You work as the Database Administrator for www.company.com.com. All servers on the
www.company.com.com network run Windows Server 2003 and Windows Server 2000, and all client
computers run Windows XP rofessional and Windows Vista. The www.company.com.com network
area consists of a single Active Directory domain named www.company.com.com.
The www.company.com.com network contains a Microsoft SQL Server 2005 database server named
COMPANY-DB111, which you administer at a regular interval of time. COMPANY-DB111 contains and
hosts three databases that support different types of business requirements. The network uses the
DBA database that supports internal operations including maintaining data, accounting, and mailing.
The network’s regular users make use of stored procedures for the data values that need insertion
into the tables. The stored procedures used in the network of the company are designed to access
SQL variant type parameters and then use the values to build and execute ad hoc query statements
that are the part of the SQL statements. During a routine network check, you discover that there are
several odd occurrences in the database. The odd occurrences include data deleted from tables and
other unauthorized activity. You suspect a user is executing the unauthorized statements through
the stored procedures. You are required to stop the unauthorized changes while having least impact
on the stored procedures that are in use. Your explanation must use the least administrative effort.
What should you do?
A.
The input parameters should be parsed to watch for and block any input including single quotes.
B.
The stored procedures used for the table should be replaced with ad hoc queries.
C.
The stored procedure should be customized to use type-specific and length-restricted parameters.
D.
All data handling activity on the table should be audited and recorded.
Explanation:
You should consider modifying the stored procedures to use type-specific and length-restricted SQL
parameters if there are problems generated from a SQL Injection attack when the malicious code is
inserted in a query for execution on the server.
Answer D is incorrect.

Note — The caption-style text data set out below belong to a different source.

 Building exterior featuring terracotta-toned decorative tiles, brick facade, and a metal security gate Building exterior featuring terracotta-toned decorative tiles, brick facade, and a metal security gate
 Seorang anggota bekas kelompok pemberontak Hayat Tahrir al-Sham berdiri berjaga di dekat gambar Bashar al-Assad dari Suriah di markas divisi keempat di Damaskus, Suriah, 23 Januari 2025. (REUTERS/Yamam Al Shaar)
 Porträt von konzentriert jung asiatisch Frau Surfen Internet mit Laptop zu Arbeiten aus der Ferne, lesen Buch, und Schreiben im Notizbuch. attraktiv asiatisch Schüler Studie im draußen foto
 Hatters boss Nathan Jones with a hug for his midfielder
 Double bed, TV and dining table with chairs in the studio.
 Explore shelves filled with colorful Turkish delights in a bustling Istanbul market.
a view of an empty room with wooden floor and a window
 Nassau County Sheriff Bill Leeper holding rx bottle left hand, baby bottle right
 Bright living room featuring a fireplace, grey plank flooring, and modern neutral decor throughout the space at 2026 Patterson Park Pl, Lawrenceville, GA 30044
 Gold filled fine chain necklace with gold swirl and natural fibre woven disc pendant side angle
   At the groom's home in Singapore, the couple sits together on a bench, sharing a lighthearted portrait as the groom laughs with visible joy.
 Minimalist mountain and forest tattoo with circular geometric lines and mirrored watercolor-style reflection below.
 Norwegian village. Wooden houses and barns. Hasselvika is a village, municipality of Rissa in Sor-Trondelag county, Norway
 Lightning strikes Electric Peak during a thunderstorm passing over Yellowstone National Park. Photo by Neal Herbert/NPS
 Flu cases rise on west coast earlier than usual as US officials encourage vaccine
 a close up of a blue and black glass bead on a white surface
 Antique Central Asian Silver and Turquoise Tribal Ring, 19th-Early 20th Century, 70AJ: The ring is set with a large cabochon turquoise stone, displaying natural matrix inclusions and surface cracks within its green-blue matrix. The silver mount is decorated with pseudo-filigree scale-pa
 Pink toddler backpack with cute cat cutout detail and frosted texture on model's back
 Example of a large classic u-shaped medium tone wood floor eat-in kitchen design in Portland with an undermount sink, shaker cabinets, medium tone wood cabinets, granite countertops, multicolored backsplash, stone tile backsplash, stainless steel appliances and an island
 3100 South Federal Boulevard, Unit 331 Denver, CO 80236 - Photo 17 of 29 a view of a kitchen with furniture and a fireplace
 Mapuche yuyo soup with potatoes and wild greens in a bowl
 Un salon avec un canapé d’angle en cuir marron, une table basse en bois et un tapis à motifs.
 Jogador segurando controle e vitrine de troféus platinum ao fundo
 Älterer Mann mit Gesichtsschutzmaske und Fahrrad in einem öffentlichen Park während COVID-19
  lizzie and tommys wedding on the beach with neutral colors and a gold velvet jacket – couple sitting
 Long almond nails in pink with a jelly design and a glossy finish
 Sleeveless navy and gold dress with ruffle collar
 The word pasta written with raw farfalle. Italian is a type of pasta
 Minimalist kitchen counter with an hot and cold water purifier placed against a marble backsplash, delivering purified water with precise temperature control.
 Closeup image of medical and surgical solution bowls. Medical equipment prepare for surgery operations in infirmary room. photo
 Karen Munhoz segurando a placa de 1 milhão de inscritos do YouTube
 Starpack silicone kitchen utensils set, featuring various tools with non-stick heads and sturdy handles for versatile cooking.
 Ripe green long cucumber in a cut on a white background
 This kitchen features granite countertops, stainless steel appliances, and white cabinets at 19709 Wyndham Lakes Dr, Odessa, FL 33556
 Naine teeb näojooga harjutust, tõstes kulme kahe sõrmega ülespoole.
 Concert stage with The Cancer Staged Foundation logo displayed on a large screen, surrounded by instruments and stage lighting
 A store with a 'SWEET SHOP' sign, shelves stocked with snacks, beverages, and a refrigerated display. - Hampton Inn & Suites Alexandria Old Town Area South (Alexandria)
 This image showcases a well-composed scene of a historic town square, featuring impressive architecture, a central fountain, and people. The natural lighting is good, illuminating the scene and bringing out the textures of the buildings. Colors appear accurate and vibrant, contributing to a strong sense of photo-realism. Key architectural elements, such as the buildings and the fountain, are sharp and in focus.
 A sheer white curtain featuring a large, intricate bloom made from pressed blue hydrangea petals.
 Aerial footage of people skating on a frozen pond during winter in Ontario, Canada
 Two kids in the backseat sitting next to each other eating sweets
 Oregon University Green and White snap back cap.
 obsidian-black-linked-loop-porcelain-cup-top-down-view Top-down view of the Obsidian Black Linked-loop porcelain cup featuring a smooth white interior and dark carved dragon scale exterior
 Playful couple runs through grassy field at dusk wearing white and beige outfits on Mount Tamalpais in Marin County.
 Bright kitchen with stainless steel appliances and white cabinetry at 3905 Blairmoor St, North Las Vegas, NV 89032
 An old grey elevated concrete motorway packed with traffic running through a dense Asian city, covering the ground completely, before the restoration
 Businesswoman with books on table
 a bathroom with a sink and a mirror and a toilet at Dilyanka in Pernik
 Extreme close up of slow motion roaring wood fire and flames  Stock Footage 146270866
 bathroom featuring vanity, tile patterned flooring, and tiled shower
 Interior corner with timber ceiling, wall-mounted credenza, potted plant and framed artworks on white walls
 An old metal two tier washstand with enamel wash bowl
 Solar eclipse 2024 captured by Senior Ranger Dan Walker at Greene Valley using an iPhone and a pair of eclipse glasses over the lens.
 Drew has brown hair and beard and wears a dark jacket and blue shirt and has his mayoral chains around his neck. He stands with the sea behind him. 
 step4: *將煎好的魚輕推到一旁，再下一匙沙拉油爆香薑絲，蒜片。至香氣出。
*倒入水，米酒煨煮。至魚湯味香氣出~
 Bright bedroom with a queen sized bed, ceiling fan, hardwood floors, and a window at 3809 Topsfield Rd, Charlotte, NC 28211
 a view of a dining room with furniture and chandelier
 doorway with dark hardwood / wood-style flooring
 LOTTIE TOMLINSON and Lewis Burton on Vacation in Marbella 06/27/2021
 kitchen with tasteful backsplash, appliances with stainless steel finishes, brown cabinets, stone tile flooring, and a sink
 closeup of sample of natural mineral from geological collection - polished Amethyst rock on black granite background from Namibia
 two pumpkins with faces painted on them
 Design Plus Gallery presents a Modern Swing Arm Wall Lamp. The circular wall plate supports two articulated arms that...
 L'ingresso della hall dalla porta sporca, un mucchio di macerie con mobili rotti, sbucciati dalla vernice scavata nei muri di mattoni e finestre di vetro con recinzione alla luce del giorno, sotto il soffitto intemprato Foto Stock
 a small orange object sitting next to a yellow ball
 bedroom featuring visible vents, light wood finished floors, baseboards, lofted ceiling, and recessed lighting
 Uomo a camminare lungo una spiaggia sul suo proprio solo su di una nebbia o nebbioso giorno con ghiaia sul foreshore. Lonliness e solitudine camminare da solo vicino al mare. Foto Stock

This choice could be used for identifying the cause, but it will not help in
stopping the attacks.
Answer A is incorrect. This choice could be used, but the solution is incomplete.
Answer B is incorrect. You should not consider this explanation, as it is even less secure and more
prone to a SQL injection attack.
To prevent SQL injections, use a list of acceptable characters to constrain input, parameterized SQL for data access, and a least privileged account that has restricted permissions in the database.
Type-safe SQL parameters can also be used with dynamic SQL.